There's something we've not heard very much of recently - the government's hopes to cut "wasteful" public spending. There's a reason for this. The Tories don't want to cut waste. Nor, for that matter, does Labour. I mean this in (at least) four different senses:
- The war on drugs costs a fortune in police time and in incarcerating drug dealers, but its benefits are elusive.
- The war in Afghanistan cost billions and might not have achieved proportionate benefits.
- It cost £1.6bn to police our borders last year - more than was lost to benefit fraud (pdf) - and given diminshing returns, it would probably cost much more to police them effectively. But there are no big economic benefits from restricting immigration.
- The DWP spent (pdf) £7.4bn on administration last year, and lost another £2.1bn in fraud and error.

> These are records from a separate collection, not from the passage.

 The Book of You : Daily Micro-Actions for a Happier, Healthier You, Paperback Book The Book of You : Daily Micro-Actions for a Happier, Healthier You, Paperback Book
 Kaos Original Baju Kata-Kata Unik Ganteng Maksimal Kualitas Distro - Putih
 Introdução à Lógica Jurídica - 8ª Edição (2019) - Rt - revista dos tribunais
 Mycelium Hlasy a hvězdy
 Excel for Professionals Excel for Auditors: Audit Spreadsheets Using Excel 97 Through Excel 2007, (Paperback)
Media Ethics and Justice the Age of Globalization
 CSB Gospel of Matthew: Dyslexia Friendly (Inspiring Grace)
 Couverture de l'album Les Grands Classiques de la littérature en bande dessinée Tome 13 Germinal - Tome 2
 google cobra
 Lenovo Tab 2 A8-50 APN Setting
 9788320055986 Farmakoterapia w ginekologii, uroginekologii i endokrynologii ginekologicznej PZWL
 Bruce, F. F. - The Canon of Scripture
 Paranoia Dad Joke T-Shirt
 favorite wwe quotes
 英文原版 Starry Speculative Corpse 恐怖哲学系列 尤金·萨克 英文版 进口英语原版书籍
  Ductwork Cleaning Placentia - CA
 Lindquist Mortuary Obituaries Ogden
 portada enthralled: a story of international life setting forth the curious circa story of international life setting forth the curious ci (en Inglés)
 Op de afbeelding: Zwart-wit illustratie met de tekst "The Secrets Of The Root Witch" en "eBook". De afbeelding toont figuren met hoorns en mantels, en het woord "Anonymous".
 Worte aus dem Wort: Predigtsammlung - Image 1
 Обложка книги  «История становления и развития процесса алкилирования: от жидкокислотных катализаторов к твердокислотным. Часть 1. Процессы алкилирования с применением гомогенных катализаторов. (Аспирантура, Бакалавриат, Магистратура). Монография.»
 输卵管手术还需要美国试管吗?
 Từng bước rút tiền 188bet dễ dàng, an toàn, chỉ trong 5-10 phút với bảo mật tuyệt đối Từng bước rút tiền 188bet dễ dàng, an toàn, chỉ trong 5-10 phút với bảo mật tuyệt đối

In the long-run, a large chunk of this cost could be saved by the simplification involved in a citizens basic income.
However, neither party seems keen on acknowledging this waste nor - aside from surrendering in Afghanistan - doing anything about it.
You might object that this is because these aren't forms of waste at all, but rather simply the costs of giving voters what they want. This would be true if these voters wanted these policies for their intrinsic qualities. But do they?
Take, for example, immigration controls. If people want these because they simply have a taste for exluding migrants, then fine. (Well, not at all fine but that's another story.) But what if they want them because they believe immigration is bad for the economy? If this is the case, then we could relax border controls and "save the tax-payer money" with no ill effect.
I suspect that if voters were asked: "do you think we should spend more on border controls than we do on benefit fraud without getting any macroeconomic benefit?" support for them might diminish.
Or take the admin costs of the DWP. These aren't waste if you think a complex benefits system is a good thing in itself, but they are waste if you think the purpose of the benefits system is to provide a basic minimum income for all.
My point here is a simple one. Governments cannot reduce "waste" merely by increasing efficiency. Even in the private sector, remember, efficiency increases not so much by individual firms becoming more efficient, but by firms entering (pdf) and exiting (pdf) the market. If governmental efficiency is to increase, it will have to be through a similar mechanism - the government exiting from some functions and rethinking how it provides others.
Oh yes: From a Keynesian point of view, of course, even "wasteful" public spending has a role in boosting aggregate demand. I'm ignoring this, and assuming that productive public spending is better than unproductive.